Eşcinselliği masaya yatırdım!


Eşcinsellik kişinin kendi cinsine cinsel ve duygusal olarak ilgi duymasıdır, eğilimidir, yönelimidir, kendi cinsinden hoşlanmasıdır.

Eşcinsellik genetikseldir, doğuştandır. Bakmayın siz, kafası karışık insanların "daha eşcinselliğin çevresel mi, doğuştan mı olduğu bilinmiyor" demelerine. Bir insanın cinsel yönelimi daha anne karnındayken bellidir. Öyle olmasaydı, aynı koşullarda yetişen canlılarda eşcinsellik niye olsun? Ayrıca bir insanın ne olduğunun en iyisini uzman veya başkaları değil, kişinin kendisi bilir. Benim kimden hoşlandığımı, hoşlanacağımı başkaları benden daha iyi bilemez...
Benim yemem-içmem, yatmam-kalkmam, müzik anlayışım vesaire, kısaca yaşam biçimim, hayata bakış açım bile içinde yetiştiğim kültürden etkilenmeyebiliyorsa, bu neyin tereddütü, hatta cehaleti... Bir şey insanın yapısında olmasa, şiddet ve nefret karşısında vazgeçer o şeyden. Çevre özgür değilse kişinin kendisini bastırmasına sebep olur, özgür ise kendisini keşfetmesini, kendisiyle barışmasını sağlar. Eşcinsellik gibi baskıya rağmen varolan bir şey ise, hayatın en gerçeğidir. Bir insanın genetiği nasıl şekillendiyse, dünyaya da o şekilde gelir. Bunun aksini düşüneninkiyse homofobiden başka bir şey değildir.

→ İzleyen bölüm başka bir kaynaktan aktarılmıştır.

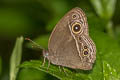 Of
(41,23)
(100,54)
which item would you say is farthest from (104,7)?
(41,23)

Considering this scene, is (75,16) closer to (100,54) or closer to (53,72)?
(100,54)

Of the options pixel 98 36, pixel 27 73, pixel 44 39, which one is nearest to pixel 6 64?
pixel 44 39

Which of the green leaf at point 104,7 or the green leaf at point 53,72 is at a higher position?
the green leaf at point 104,7

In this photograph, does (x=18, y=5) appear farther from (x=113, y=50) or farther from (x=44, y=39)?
(x=113, y=50)

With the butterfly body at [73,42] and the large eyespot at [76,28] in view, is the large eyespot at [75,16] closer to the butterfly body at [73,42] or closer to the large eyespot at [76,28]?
the butterfly body at [73,42]

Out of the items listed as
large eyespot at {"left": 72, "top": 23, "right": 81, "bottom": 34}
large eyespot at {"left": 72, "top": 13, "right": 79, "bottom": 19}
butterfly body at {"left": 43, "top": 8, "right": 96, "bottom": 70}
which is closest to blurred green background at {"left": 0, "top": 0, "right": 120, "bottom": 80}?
butterfly body at {"left": 43, "top": 8, "right": 96, "bottom": 70}

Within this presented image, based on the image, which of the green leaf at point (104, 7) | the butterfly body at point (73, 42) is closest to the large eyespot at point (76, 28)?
the butterfly body at point (73, 42) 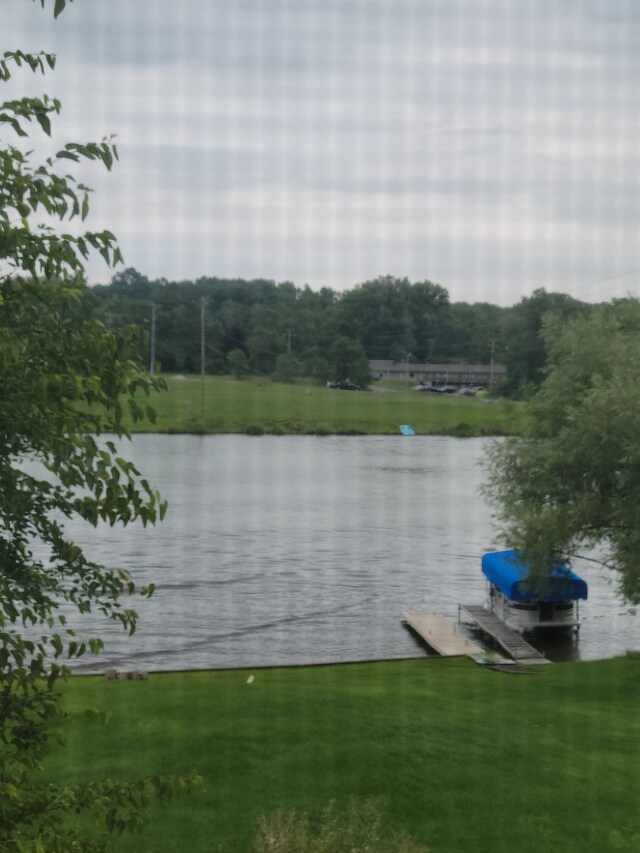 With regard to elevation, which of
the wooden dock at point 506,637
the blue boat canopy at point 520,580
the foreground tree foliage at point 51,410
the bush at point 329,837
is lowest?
the wooden dock at point 506,637

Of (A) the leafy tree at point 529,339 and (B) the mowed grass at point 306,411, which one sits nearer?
(B) the mowed grass at point 306,411

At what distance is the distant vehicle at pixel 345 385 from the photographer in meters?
139

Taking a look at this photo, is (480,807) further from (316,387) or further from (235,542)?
(316,387)

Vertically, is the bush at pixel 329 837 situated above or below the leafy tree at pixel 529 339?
below

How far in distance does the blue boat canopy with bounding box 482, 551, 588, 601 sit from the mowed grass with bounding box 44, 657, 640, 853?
848 cm

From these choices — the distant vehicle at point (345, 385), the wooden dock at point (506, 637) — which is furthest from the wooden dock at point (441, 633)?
the distant vehicle at point (345, 385)

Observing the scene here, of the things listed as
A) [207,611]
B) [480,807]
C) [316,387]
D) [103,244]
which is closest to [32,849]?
[103,244]

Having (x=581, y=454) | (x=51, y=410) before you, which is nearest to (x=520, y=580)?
(x=581, y=454)

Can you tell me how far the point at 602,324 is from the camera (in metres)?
32.2

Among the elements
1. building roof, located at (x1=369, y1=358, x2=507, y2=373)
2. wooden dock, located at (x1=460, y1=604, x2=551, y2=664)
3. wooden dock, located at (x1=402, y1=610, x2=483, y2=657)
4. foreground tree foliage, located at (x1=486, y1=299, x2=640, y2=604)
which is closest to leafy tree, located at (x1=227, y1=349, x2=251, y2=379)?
building roof, located at (x1=369, y1=358, x2=507, y2=373)

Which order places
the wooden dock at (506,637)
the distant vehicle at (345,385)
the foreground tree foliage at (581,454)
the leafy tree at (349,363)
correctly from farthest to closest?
1. the leafy tree at (349,363)
2. the distant vehicle at (345,385)
3. the wooden dock at (506,637)
4. the foreground tree foliage at (581,454)

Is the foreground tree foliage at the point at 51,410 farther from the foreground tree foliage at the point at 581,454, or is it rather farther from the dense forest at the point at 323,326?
the dense forest at the point at 323,326

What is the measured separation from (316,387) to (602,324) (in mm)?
108287

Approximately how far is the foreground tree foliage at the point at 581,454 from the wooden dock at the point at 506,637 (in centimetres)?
508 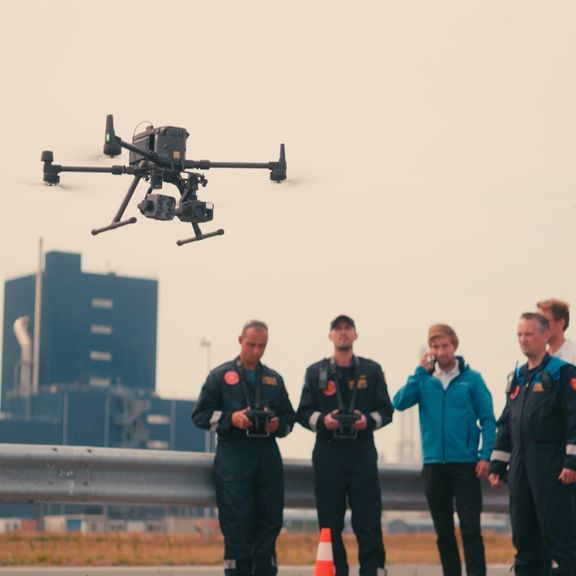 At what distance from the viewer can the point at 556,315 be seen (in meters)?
9.90

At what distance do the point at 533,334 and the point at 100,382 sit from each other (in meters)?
129

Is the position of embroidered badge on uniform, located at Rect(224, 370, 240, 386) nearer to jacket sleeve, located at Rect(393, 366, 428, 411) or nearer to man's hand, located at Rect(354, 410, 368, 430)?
man's hand, located at Rect(354, 410, 368, 430)

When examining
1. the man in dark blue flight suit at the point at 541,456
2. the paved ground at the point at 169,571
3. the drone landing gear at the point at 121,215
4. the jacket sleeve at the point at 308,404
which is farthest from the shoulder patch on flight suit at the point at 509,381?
the drone landing gear at the point at 121,215

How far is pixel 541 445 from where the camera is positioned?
9.02 m

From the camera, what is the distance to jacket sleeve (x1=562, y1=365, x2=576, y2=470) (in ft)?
28.9

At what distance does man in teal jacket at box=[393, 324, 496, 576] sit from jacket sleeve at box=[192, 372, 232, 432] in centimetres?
154

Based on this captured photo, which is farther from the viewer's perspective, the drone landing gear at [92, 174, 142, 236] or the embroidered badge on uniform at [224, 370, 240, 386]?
the drone landing gear at [92, 174, 142, 236]

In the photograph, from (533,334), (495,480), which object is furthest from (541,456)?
(533,334)

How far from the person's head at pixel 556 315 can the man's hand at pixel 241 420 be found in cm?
243

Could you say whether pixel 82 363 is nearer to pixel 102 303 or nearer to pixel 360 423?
pixel 102 303

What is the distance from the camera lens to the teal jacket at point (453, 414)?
1023 cm

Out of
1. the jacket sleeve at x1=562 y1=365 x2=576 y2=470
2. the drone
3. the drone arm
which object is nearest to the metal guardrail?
the jacket sleeve at x1=562 y1=365 x2=576 y2=470

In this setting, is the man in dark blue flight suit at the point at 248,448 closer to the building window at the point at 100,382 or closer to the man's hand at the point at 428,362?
the man's hand at the point at 428,362

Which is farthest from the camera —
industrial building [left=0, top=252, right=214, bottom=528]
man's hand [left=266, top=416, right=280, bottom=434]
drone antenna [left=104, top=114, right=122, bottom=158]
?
industrial building [left=0, top=252, right=214, bottom=528] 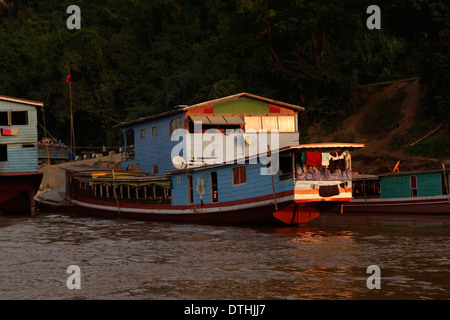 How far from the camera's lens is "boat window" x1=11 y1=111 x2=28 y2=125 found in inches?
1172

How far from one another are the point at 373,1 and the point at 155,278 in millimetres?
34531

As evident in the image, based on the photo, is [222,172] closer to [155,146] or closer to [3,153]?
[155,146]

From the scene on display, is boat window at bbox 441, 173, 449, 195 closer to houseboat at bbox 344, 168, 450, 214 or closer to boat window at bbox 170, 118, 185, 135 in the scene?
houseboat at bbox 344, 168, 450, 214

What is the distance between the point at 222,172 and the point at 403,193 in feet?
32.8

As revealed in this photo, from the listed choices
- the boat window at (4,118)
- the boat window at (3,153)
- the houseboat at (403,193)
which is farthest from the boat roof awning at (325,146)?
the boat window at (4,118)

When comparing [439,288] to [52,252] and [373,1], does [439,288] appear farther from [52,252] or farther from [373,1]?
[373,1]

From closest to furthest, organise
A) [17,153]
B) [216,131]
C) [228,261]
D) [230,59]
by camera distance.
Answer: [228,261], [216,131], [17,153], [230,59]

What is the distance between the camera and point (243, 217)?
72.6 ft

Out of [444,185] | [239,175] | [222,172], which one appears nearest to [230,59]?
[444,185]

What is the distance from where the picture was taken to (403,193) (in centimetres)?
2758

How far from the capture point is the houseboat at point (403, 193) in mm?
25986

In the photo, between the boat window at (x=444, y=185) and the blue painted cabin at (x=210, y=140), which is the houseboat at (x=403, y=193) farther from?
the blue painted cabin at (x=210, y=140) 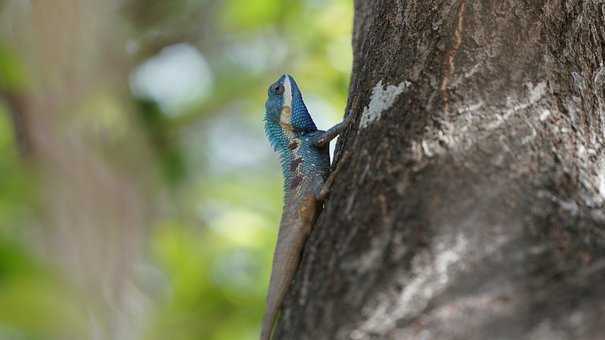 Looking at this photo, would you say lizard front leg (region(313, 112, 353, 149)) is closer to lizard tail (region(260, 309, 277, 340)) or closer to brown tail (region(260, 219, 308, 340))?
brown tail (region(260, 219, 308, 340))

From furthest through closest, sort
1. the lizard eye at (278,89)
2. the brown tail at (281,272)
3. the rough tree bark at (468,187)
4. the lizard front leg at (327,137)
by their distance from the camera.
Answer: the lizard eye at (278,89)
the lizard front leg at (327,137)
the brown tail at (281,272)
the rough tree bark at (468,187)

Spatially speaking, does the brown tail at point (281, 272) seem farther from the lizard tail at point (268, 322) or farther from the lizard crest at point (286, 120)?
the lizard crest at point (286, 120)

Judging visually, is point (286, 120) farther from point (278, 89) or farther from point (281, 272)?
point (281, 272)

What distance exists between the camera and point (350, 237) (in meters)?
2.17

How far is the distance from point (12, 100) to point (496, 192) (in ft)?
18.0

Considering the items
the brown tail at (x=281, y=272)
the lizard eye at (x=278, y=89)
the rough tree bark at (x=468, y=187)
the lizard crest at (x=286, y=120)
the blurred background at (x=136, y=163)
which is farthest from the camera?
the blurred background at (x=136, y=163)

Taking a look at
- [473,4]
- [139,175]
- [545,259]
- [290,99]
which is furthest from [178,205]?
[545,259]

Eşcinsellik hastalık değildir. En başta şu cevabı vereyim bu şekilde düşünenlere ki, üzerime baskı kuramasınlar. Hastalıksa hastayım, hastalığımla yaşamaktan çok mutluyum, çünkü bana iyi geliyor, çünkü bu hastalık sayesinde sevme edimimi gerçekleştiriyorum. O yüzden ben iyileşmek istemiyorum! Çünkü iyileşirsem sevemem, yani heteroseksüel gibi yaşarsam sevgiden mahrum kalırım, bu da benim ölmem demektir. Anlayabiliyor musunuz? Eşcinsel aşkı anlayamayan bir insan sevgi körüdür, aşk körüdür, aşkını-sevgisini yaşayamamış bir kişi, aşkının sevginin ne olduğunu bilmeyen bir kişi olabilir ancak... Eşcinselliğin hastalık sayılması bir insanın bir insanı sevebilmesiyle eş anlamlıdır. Sevmenin şeklinin de hiç kimseye bir zararı yoksa... Hasta olan kimdir acaba? Hastalık nedir; bir insanın ruhsal veya bedensel olarak bozuk olmasıdır. Eşcinseller eşcinselliğini ifade edene kadar normal karşılanıp da eşcinselliği ortaya çıkınca hasta olarak görülüp tedavi ettirilmeye çalışılıyorsa, burada bir anlayışsızlık vardır, art niyet vardır, farklı olanlara karşı kötü duygu söz konusudur, belki bilgisizliğin verdiği cehalet ve beraberinde korkuya, kaygıya dayalı bir nefret vardır, vesaire ama eşcisnelliğe hastalık gözüyle bakılmasının mantıklı hiçbir açıklaması yoktur. Öyleyse kim hasta; hayatın gerçekleri mi, bu gerçekleri kabul edemeyen kafalar mı? Ayrıca resmi kurumların eşcinselliği hastalık sınıfından çıkarması da bağlayıcı olmamalı eşcinselliğin normal karşılanması için. Çünkü eşcinselliğin normalliğinin birilerine bağlı olması, her zaman kötü niyetlilerin kumadayı ellerine geçirmelerine sebep olabilir. Ben iyiyim diyorsam, iyiyimdir. Biraz önce de dediğim gibi benim nasıl olduğumu-eşcinselliğimin hastalık olup olmadığını cinsiyetçi dünyanın kurumları, kuramları ve kuralları belirleyemez. Hem bugüne kadar hangi akıllım eşcinselliği heteroseksüelliğe dönüştürebilmiş ki... Belki bazı homofobik eşcinseller eşcinselliklerini hadım etmiş olabilirler en fazla...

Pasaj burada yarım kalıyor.